Starting with this Windows related bug, I had a lengthy conversation on GitHub with someone and during our efforts to find a workaround we also found performance issues on certain Windows releases.
As a side effect of the investigations I've developed a tiny program in C that directly asks the operating system for the required information and prints that to stdout.
If that executable is called instead of WMIC or powershell, both the performance issue and the DST issue are resolved.

You can find that GitHub discussion on


You'll also find the source code of my "winps" and instructions how to modify schedulix to get it running somewhere in there.

Unfortunately I didn't find the time yet to include it in the schedulix sources, or the Windows archive on the website.

Best regards,

Ronald

Pablo Maldonado

unread,
Feb 7, 2022, 8:36:40 AM2/7/22
to schedulix

Hi Ronald,

Thanks for the help, I understand that a fresh build of 2.9 or 2.10 would fix the problem.
As just today I went from version 2.9 to 2.10 on the server and then the update of the agents comes, it could be the solution.

thank you

Paul Maldonado

Ronald Jeninga

unread,
Feb 7, 2022, 9:12:04 AM2/7/22
to schedulix
Hi Pablo,

I've just checked and found that in the current 2.10 source, it is already winps.exe that is called.
If you have issues compiling it from source on Windows, I've uploaded the executable to our web server.
You can download the executable from: https://www.independit.de/Downloads/schedulix/winps.exe
This executable should be stored in $BICSUITEHOME/bin. Naturally in Windows this is called %BICSUITEHOME%\bin.
The Jobserver calls the executable with a full qualified path (after replacing BICSUITEHOME).
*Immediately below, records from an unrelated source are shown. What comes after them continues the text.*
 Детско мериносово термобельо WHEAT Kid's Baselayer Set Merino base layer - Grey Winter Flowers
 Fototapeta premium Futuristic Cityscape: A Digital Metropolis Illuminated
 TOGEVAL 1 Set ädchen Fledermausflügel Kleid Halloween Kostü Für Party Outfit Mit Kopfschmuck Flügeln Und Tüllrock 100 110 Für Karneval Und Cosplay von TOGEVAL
I'm not 100% sure I've already built rpms that use winps though.
Hence if you've upgraded from rpms, it might or might not use the winps executable.
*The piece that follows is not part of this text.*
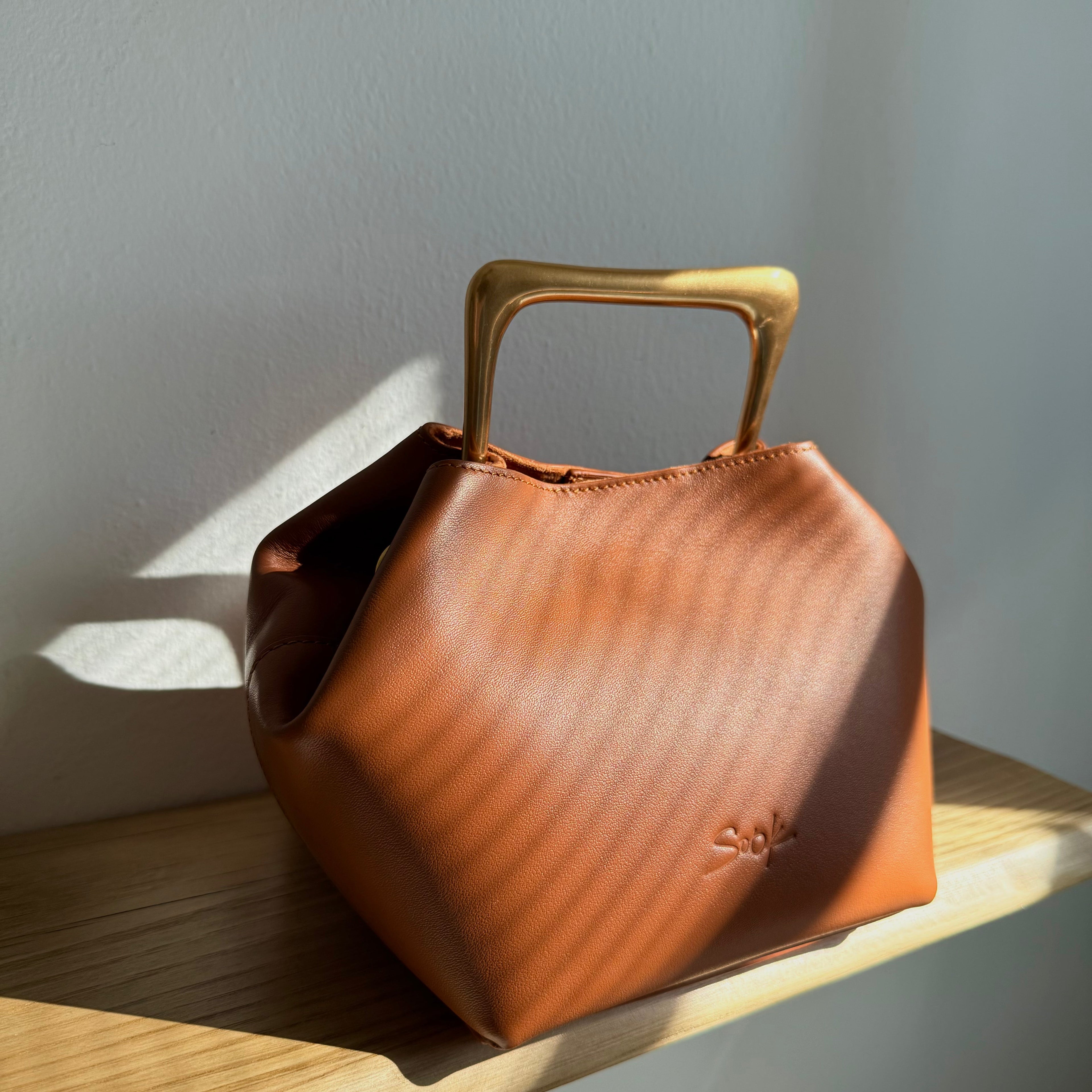 Sora - Metallic Handheld Bag Shoulder Bag Brown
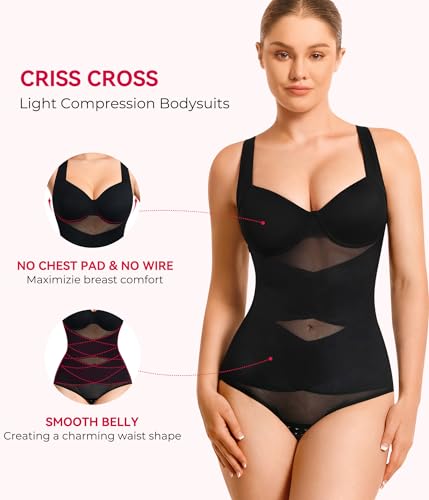 Gotoly Shapewear for Women Tummy Control Bodysuit Faja Body Shaper Waist Trainer V Neck Body Suit with Built in Bra4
Building the new rpms is on my TODO list as well.
I wanted to try to build docker containers to create the rpms, which turns out to be not that easy.
I have to add I'm not a docker expert and there are still a few thing I'll have to figure out.

Best regards,

Ronald

Pablo Maldonado

unread,
Feb 7, 2022, 9:35:48 AM2/7/22
to schedulix
Hi Ronald, If I already have the agent zip for Windows and the winps.exe is included. Thanks

Pablo Maldonado

unread,
Feb 15, 2022, 1:47:50 PM2/15/22
to schedulix
Hi Ronald, I upgraded the agent from 2.9 to 2.10 on a windows server, and I don't see much CPU and MEM consumption by the Schedulix, but if I look at the memory with Ranmap a Microsoft application, I get a huge amount of winps.exe where it says session 0, it's like zombies. Can you disable the use of winps.exe to see if this changes or what could be done? Pablo Maldonado

Ronald Jeninga

unread,
Feb 15, 2022, 10:18:00 PM2/15/22
to schedulix
Hi Pablo,

I'm afraid I don't know where those zombies come from and what they actually are.
I know exactly what a zombie is in a Unix/Linux environment, but I'm not that much a specialist in Windows.
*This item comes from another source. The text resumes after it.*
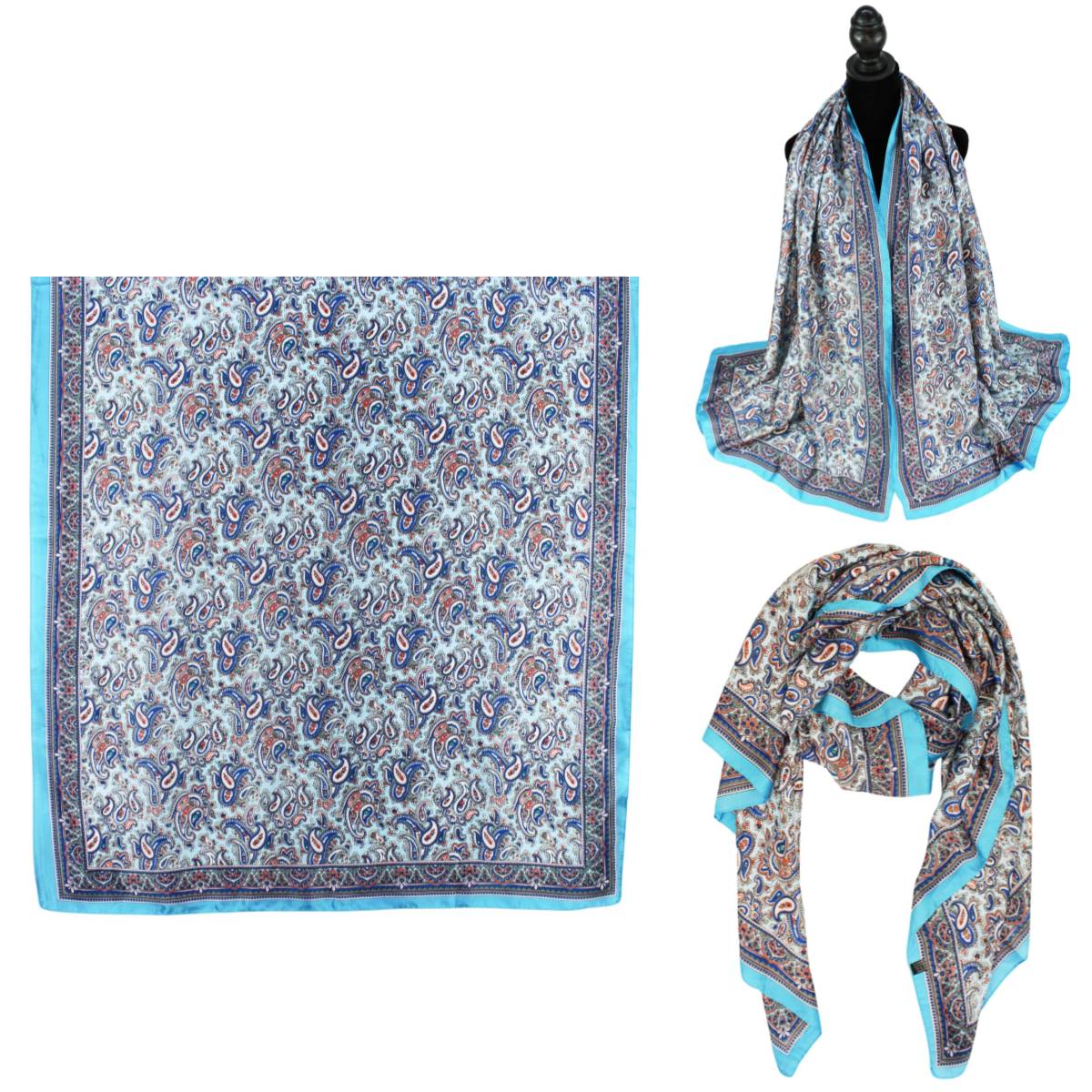Women 35"X78" Oblong Silky Satin Scarf Shawl F11-41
Before we used winps.exe, we called a Mincrosoft program WMIC instead.
In the Java code that was just a matter of replacing one string with another.
This means no change in logic whatsoever.
It would be interesting to know if you would see a huge amount of WMIC processes after (temporarily) reverting the upgrade.
(Note that the 2.9 jobserver works perfectly with a 2.10 scheduling server. Hence by replacing the current BICsuite.jar file with the old one, you can easily downgrade a jobserver.
If your scheduling server runs on the same machine as the jobserver it isn't that easy though; you'd basically need to set up 2 installations).

In the end, since you don't see much resources to be spoiled by schedulix, those winps session 0 entries don't seem to burden the system.
I can be wrong there, of course.
We don't run winps.exe out of fun, it is run because we need the information. Hence disabling it would break the jobserver.
So let's try to find out first what those Zombies are and how they are created. (in Unix: by not retrieving the exit code of a child process).

Best regards,

Ronald

Pablo Maldonado

unread,
Feb 16, 2022, 9:03:13 AM2/16/22
to schedulix
Hi Ronald, Perfect, there I replace the BCSuite.jar from 2.9 with the one from 2.10 and we'll see what happens. Thanks


Pablo Maldonado

Ronald Jeninga

unread,
Feb 16, 2022, 9:25:53 AM2/16/22
to schedulix
Hi Pablo,

eeeh, you mean the other way around? You've just upgraded to 2.10.
So 2.10 is already in place and 2.9 is what you (and I) want to test for comparison.

Best regards,

Ronald

Pablo Maldonado

unread,
Feb 16, 2022, 10:19:35 AM2/16/22
to schedulix
Hi Ronald, Sorry, I misunderstood you, I also have version 2.9 of the agent in another windows and if the WMIC.exe appears several times, I see this with the RAMMAP as I said, now the amount of WMIC.exe that I see compared to the winps .exe on the other computer, it is very small.
The attached image shows part of the list of winps.exe processes that appear.
Paul Maldonado

winps.png

Ronald Jeninga

unread,
Feb 16, 2022, 11:10:58 AM2/16/22
to schedulix
Hi Pablo,

no problem, it is good I've asked.
Thank you for the screen shot. Although it perfectly matches your description, the picture gave me a better idea.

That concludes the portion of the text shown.